I think this is very much in question. Silicon Valley Bank was absolutely part of a cohesive microeconomy. There's no other explanation for the absolutely uniformity with which all those startups were using it for what should have been 100% commodity banking services. Those startups all banked with SVB because their VCs told them to.

And the VCs told their startups to bank with SVB because... we don't know yet. But any time you have a signal this strong, there's a driver.

Add to that the fact that the moment all those startups seemed likely to lose banking services, however temporarily, those same VCs freaked the fuck out of their minds on twitter and started shrieking in all caps about the end of western capitalism. That's not mere concern for their poor startups (most of whom were going to fail anyway, after all -- they're startups!). These VCs were exposed to the SVB failure. They were leveraged somehow and about to get caught holding the bag.

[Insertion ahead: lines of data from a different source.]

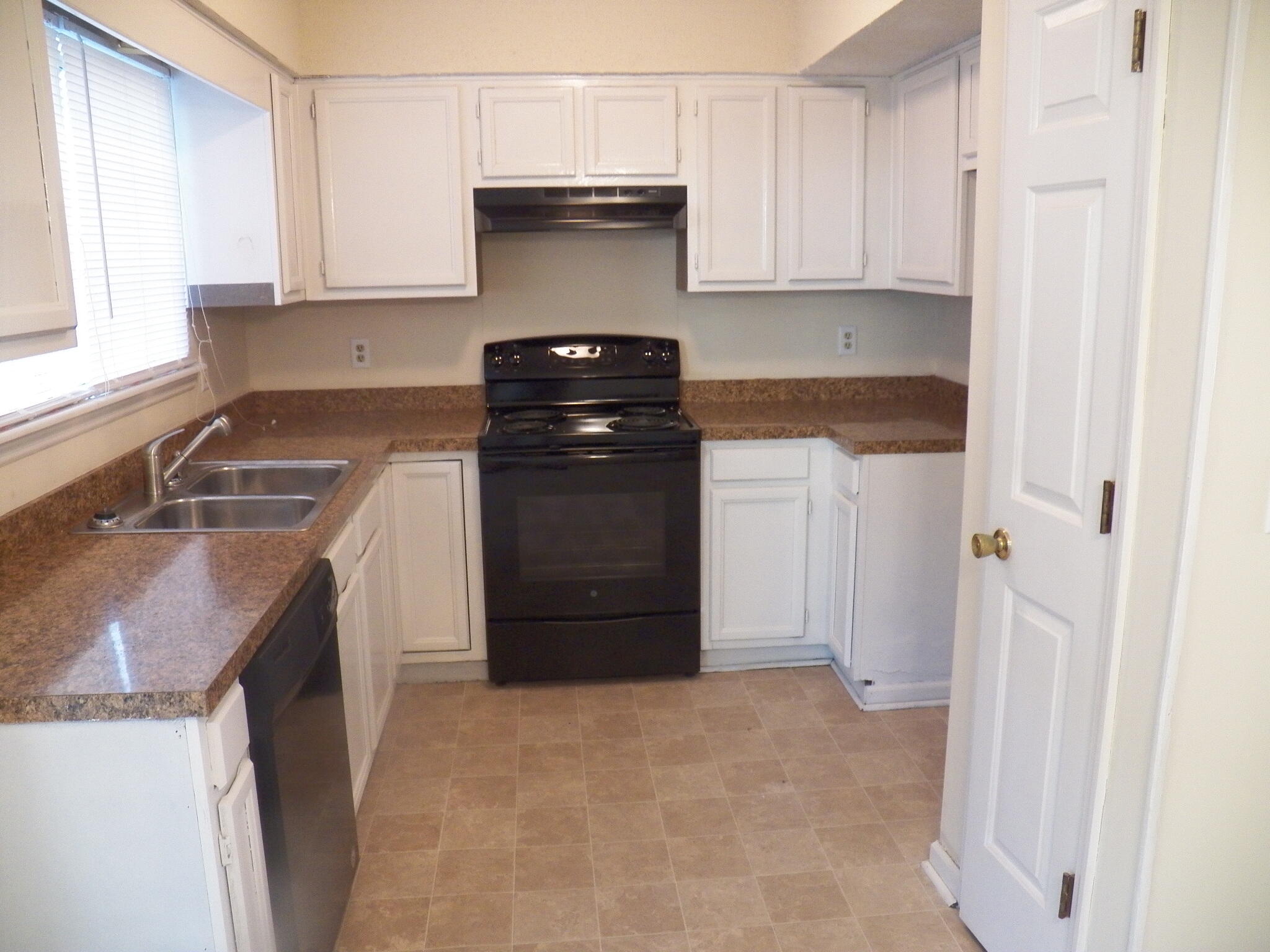 140 Traders Station Road Summerville, SC 29486 - Photo 5 of 5 100_1722 - Copy - Copy (2)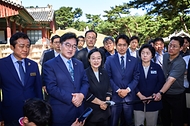 한성숙 국무총리가 주택공급 현장점검을 위해 9월 18일 서울 노원구 공릉동 태릉 골프장 인근 강릉을 방문, 임현석 LH국토도시본부장 직무대행으로부터 현황 및 추진계획을 보고 받고 있다.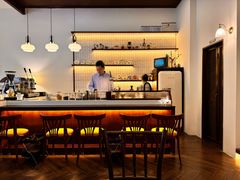 -Café Monson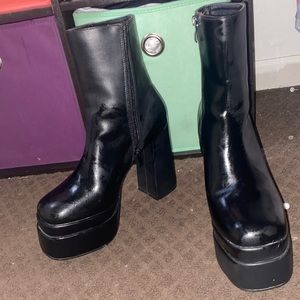 Platform heels from Viva Fashion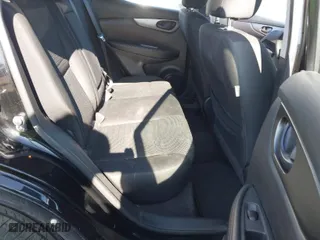 2019 Nissan Rogue Sport SV with VIN JN1BJ1CPXKW529334, listed as a IAAI auction lot 40623780 with 83,392 mi miles. Bid and sale history available at carsss.com. Image 8.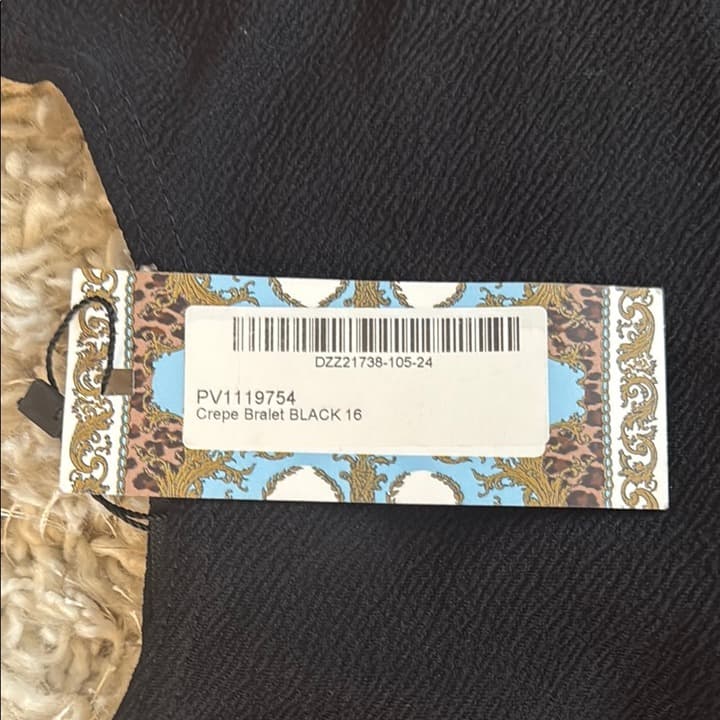 Boohoo Crepe Bralette Top Black NWT 12 - Thumbnail 2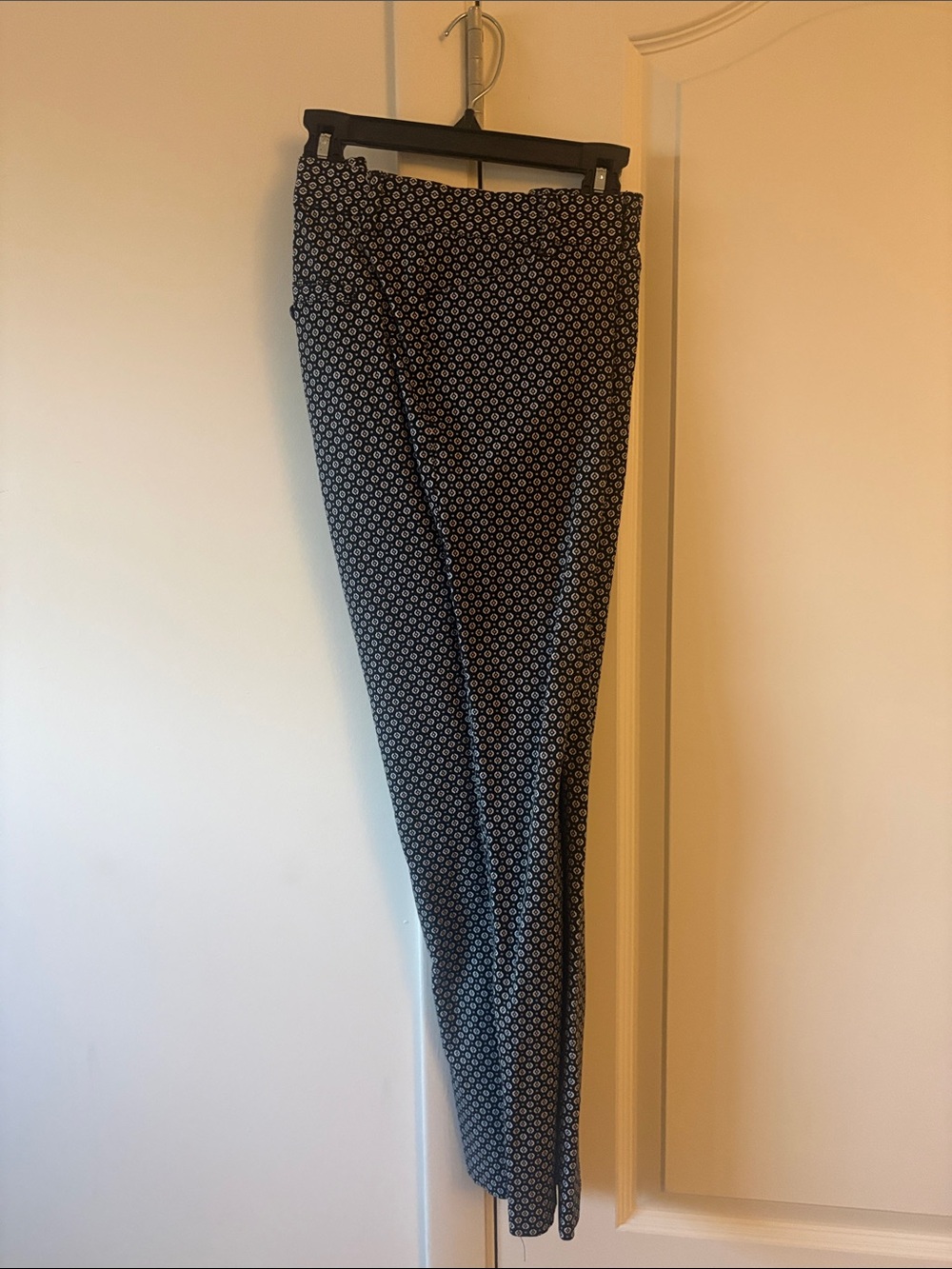 GAP Black & White Printed Women's Dress Pants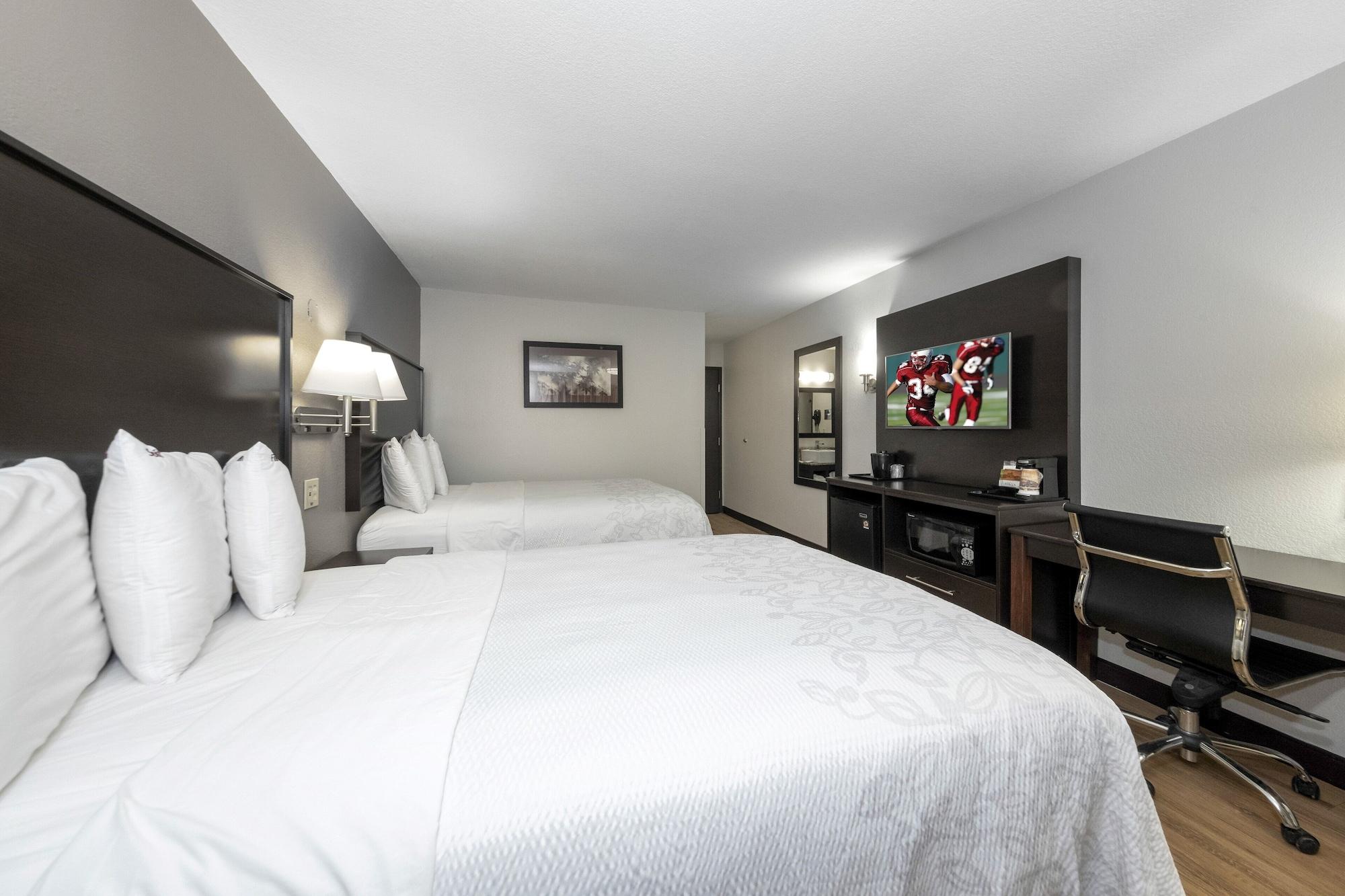 Red Roof Inn Plus+ Хантсвилл Экстерьер фото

There was some kind of insider dealing going on with SVB. It wasn't just a bank. We for sure know that much. Whether we have criminal fraud or not is an open question.


SVB made loans to cash-rich companies approximate to their funding rounds, when they were least likely to immediately use the cash. These loans typically required the company to hold the money as a deposit in SVB. These deposits were used to buy long duration bonds.

In other words, SVB used these companies to produce new money that they could earn interest on.


Yeah, that's the kind of thing I'm imagining. Though it doesn't explain the VC tweetpanic unless they were getting kickbacks. Is there a cite for that, or a story posted somewhere?



Bill Ackman publicly admitted on Twitter to be on the hook for at least 10% of his assets.


That most probably means, he and his companies kept his cash in SIVB and not that he has stake in it.


One element is that the banking industry as a whole behaves pretty chaotically with 'unusual' customers.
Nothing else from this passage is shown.